#### Dataset records:
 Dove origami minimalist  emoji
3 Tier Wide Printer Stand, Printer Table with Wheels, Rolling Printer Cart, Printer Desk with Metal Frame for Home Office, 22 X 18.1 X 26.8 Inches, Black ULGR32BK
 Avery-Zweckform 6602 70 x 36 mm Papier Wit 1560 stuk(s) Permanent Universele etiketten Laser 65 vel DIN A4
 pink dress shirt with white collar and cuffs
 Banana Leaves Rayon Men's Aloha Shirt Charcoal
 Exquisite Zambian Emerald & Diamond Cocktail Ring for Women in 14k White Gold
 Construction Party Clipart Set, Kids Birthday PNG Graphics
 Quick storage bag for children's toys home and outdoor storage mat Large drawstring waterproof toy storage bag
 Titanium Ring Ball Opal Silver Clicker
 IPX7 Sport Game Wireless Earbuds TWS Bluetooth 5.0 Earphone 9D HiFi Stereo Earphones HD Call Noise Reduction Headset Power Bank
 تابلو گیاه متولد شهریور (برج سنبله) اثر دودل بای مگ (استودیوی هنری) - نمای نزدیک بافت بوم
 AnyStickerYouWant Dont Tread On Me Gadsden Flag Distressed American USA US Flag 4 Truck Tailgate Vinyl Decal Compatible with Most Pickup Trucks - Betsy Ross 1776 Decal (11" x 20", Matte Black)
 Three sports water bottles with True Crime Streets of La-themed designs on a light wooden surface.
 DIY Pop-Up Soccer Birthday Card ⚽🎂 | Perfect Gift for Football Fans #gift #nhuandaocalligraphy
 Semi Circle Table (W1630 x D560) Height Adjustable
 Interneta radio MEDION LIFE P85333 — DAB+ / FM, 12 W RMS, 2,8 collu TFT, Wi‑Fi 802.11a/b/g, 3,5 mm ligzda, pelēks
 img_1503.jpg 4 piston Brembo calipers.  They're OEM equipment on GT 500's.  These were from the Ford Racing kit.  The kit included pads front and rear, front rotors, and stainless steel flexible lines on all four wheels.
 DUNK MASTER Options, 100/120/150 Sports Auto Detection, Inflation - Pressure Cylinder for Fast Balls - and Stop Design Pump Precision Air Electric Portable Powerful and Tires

#### What is required:
Would you count the lines in the entries that hold "Birthday" and reply with only the count?

#### Response:
2